E assim tem acontecido. No Congresso Nacional, a reação também veio a decreto. Endossando o pedido da PDL assinada por Ivan Valente, em cinco dias, nada menos do que dez Propostas de Decreto Legislativo, que visam sustar o decreto presidencial, tal qual é sua prerrogativa. “Em relação à tramitação, o PDL é remetido para uma ou mais Comissões para discussão na Casa Iniciadora, e em seguida para o Plenário, devendo ser aprovado por maioria simples (50% + 1 dos presentes). A proposição segue o mesmo processo na Casa Revisora. O PDL não é submetido à sanção presidencial, sendo sua promulgação feita pelo presidente do Congresso Nacional, isto é, o Presidente do Senado Federal (SF)”, explica um relatório produzido pela consultoria Pulso Público.
No Supremo Tribunal Federal (STF), o assunto será discutido e julgado em plenário no dia 12 de junho, graças a uma ação que o PT entrou, argumentando que o decreto de Bolsonaro ofende os princípios republicano, democrático e da participação popular, e afirmando ser necessário “considerar, de forma individualizada, a função destes colegiados e os impactos formais e materiais que a extinção, nos termos do Decreto ora impugnado, pode gerar.”.
PARECER FINAL EM 28 de JUNHO
Entre o vai e vem de decretos e a reação da Sociedade Civil, do Congresso e do STF, o processo para recriação da Enimpacto segue seu rito. Com a instabilidade que ronda as decisões de Brasília, a incerteza é grande, mas a expectativa dentro do próprio Ministério é a melhor possível: “A gente expôs os argumentos e estamos confiantes que o parecer será positivo”, afirma Lucas Ramalho Maciel, coordenador dentro do Ministério que trata da Enimpacto, em Brasília. Lucas e sua equipe prepararam três documentos: o parecer de mérito, uma exposição de motivos para o Presidente da República e uma minuta de decreto recriando o comitê. Os documentos estão na Casa Civil em análise.

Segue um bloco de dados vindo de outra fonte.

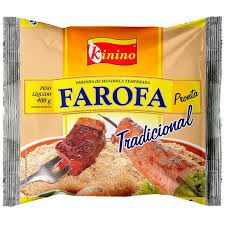 FAROFA KININO MAND 400G TRADICIONAL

Junto com o pedido para recriação da Enimpacto, outros pedidos estão aguardando análise. O mesmo Decreto 9.759/19 extinguiu e criou um rito para a recriação dos comitês e colegiados. A estimativa do governo é que passava de centenas e comitês e houve pedido para que alguns critérios fossem observados como uma quantidade menor de membros, além de otimização de recursos. “A Enimpacto não paga deslocamento nenhum e não há um desembolso por parte da administração pública. O custo de manutenção do comitê é muito baixo em relação a tudo que ele vem produzindo”, salienta Lucas. Questionado sobre os argumentos apresentados, Lucas finaliza, “Os argumentos estão muito fortes e muito contundentes. Estão muito bem escritas e elaboradas as peças. O corpo técnico fez um trabalho bem exaustivo e levantou uma pesquisa de custos para mostrar esses dados. Eu acho que vai chegar à Casa Civil e espero que o bom senso prevaleça e eles recriem”. Esperemos.